== Records shown
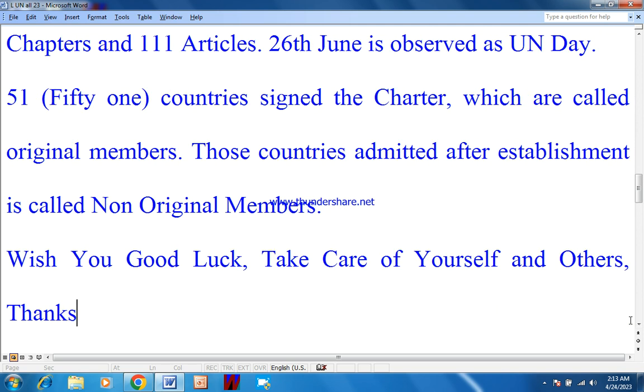Wish you good luck. Take care of yourselves and others. Thanks. See you in the next lecture.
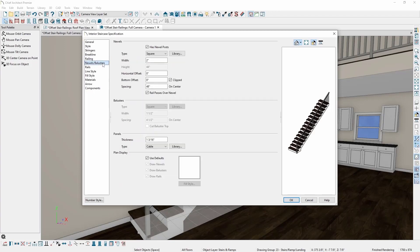Then, on the Newells and Balusters panel, I'll set the bottom offset to negative 4 inches. Notice the clipped checkmark to the right. If I want my Newel post to stop at the floor platform of the room, I'll leave the clipped checkmark checked. If I want my Newel post to extend below the floor platform, I would uncheck the clipped checkbox. In this case, I want my Newel post to stop at the floor platform, so I'll leave it checked and click OK.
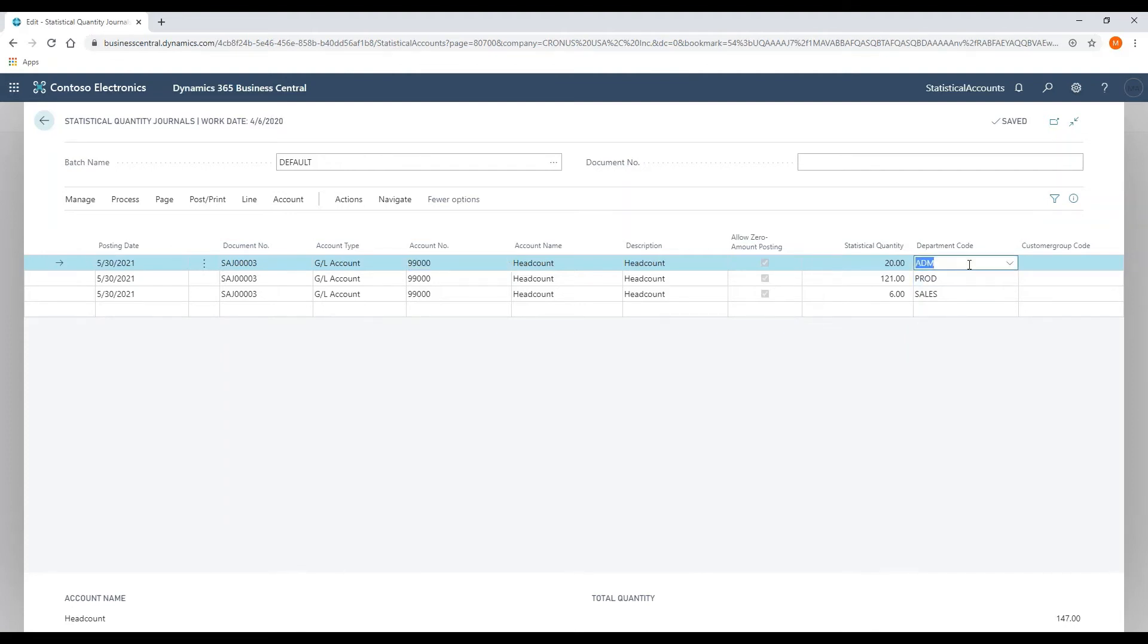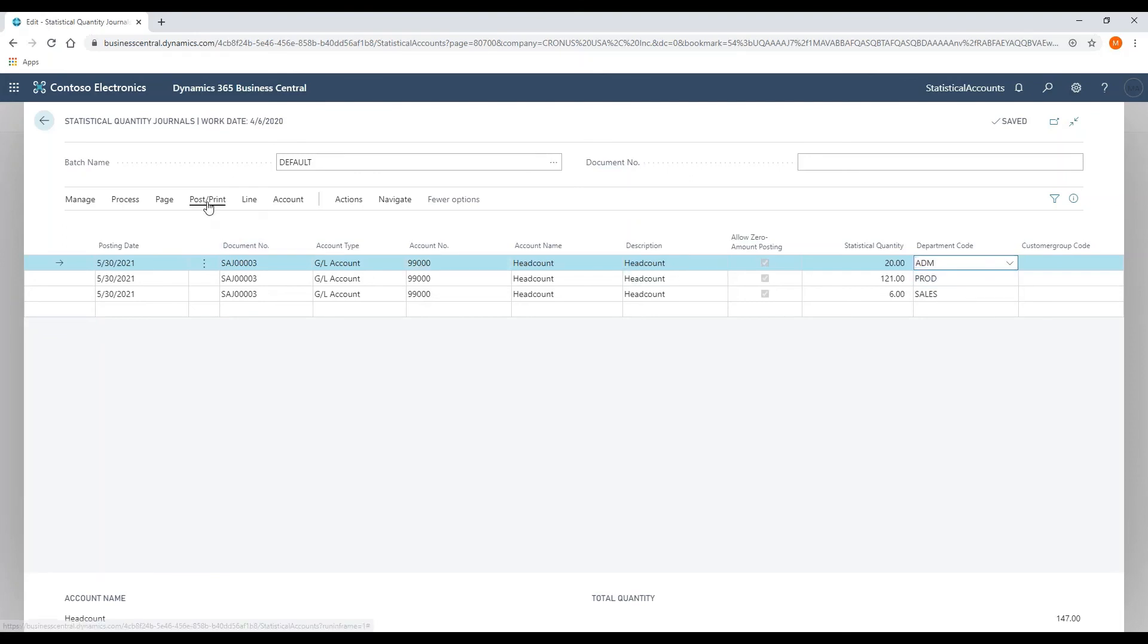I am able to add whatever dimensions that I have created to my statistical account balance in the same way that I would post to a traditional general ledger account number. When I've created my lines, another thing to note here is that this journal entry does not balance. It is a one-sided entry, but when the transaction is ready to post, I'm going to navigate to post and post it just like I would a traditional general ledger journal transaction.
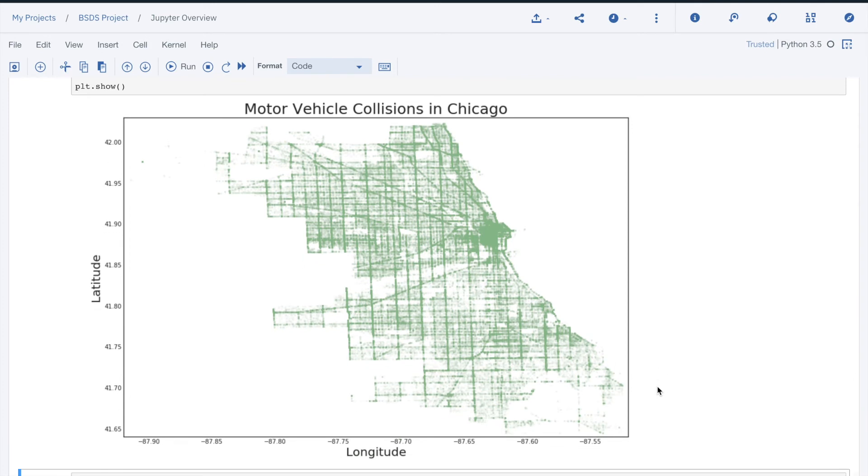The output is created using the matplotlib library. Note that this is not a map. It simply uses longitude and latitude displayed in an xy diagram. Mapping libraries can be used if needed.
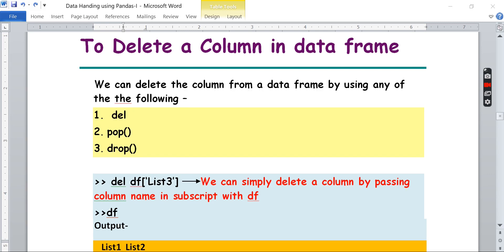Good evening students. This is a continuation of the last video, where we saw how to add columns, create a new column, name a column, and rename a column. Now in this video, I am going to explain how to delete a column from a data frame.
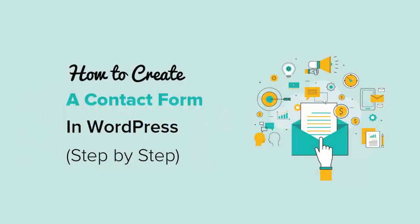Welcome to WPBeginner and thanks for tuning in. In this video I'll walk you through how to create a great-looking contact form for your WordPress website. We'll cover it step-by-step and we'll do it all without writing any code.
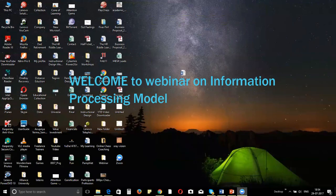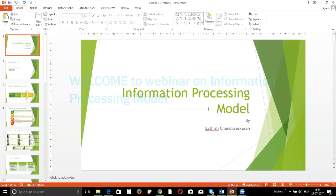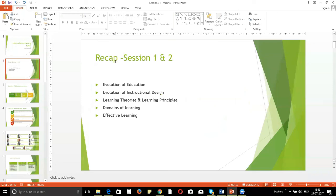Let's begin the session. Welcome. Today we are going to discuss the Information Processing Model. Just before getting into that, I will briefly take you through what we covered in our last two sessions. The first session looked at the evolution of education and how instructional design as a field has evolved over time. We also looked at various learning theories and learning principles.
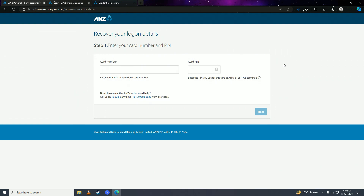Once you log in with that password, you can go ahead and reset or recover your ANZ bank account password. That's how easy it is! If you found this video helpful, make sure to leave a like, comment, and subscribe to the channel.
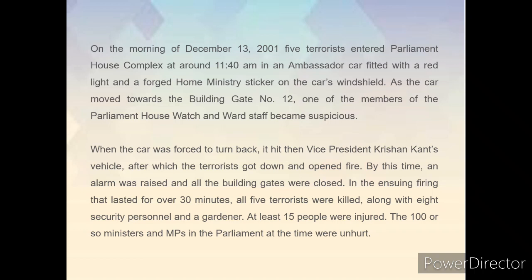When the car was forced to turn back, it hit then Vice President Krishan Kant's vehicle, after which the terrorists got down and opened fire. By this time, an alarm was raised and all the building gates were closed. In the ensuing firing that lasted for over 30 minutes, all five terrorists were killed along with eight security personnel and a gardener. At least 15 people were injured.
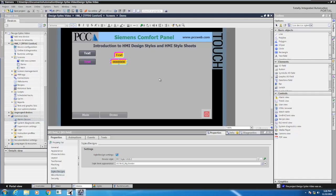This was a very quick introduction to HMI design styles and style sheets. If you have any questions, please give us a call at 262-251-3000.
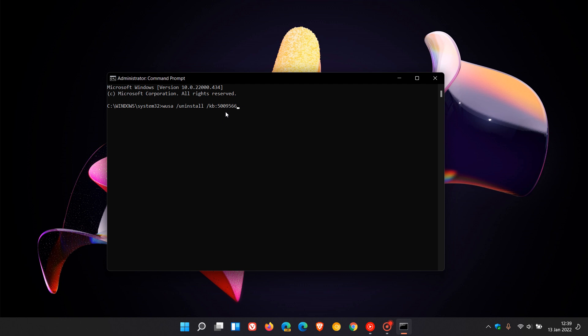For Windows 10, use the exact same prompt but change the KB to 5009543. Hit enter, and that will uninstall the update. You will probably need to restart your device to finish the process, and your VPN should be working correctly after that.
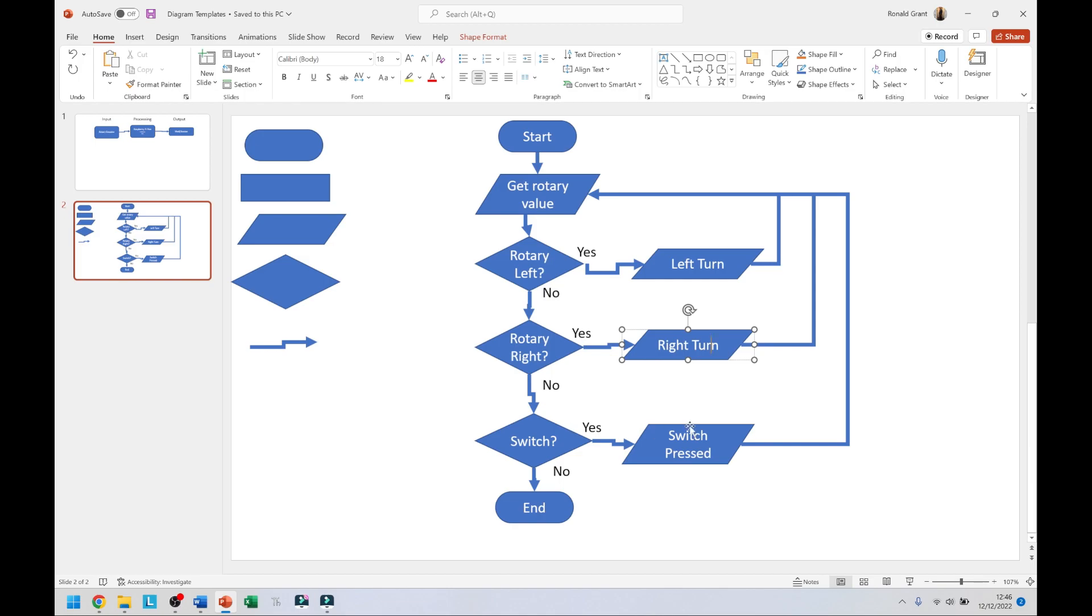If the switch is pressed then it should say switch pressed. All three of these actions lead back to get rotary value because you're going to keep checking. If the switch has not been pressed, the rotary did not go right, and the rotary did not go left, then the program should end. There are other ways to do this. I could say no and put an error message but I'm going to skip that for now.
====
What is being asked
Range to copy from the records above: the line containing "Welcome to WPBeginner" to the line containing "This was a very", both included. Output those lines exactly and only those, skipping pictures.

Result of the task
Welcome to WPBeginner and thanks for tuning in. In this video I'll walk you through how to create a great-looking contact form for your WordPress website. We'll cover it step-by-step and we'll do it all without writing any code.
Let's begin the session. Welcome. Today we are going to discuss the Information Processing Model. Just before getting into that, I will briefly take you through what we covered in our last two sessions. The first session looked at the evolution of education and how instructional design as a field has evolved over time. We also looked at various learning theories and learning principles.
Once you log in with that password, you can go ahead and reset or recover your ANZ bank account password. That's how easy it is! If you found this video helpful, make sure to leave a like, comment, and subscribe to the channel.
When the car was forced to turn back, it hit then Vice President Krishan Kant's vehicle, after which the terrorists got down and opened fire. By this time, an alarm was raised and all the building gates were closed. In the ensuing firing that lasted for over 30 minutes, all five terrorists were killed along with eight security personnel and a gardener. At least 15 people were injured.
This was a very quick introduction to HMI design styles and style sheets. If you have any questions, please give us a call at 262-251-3000.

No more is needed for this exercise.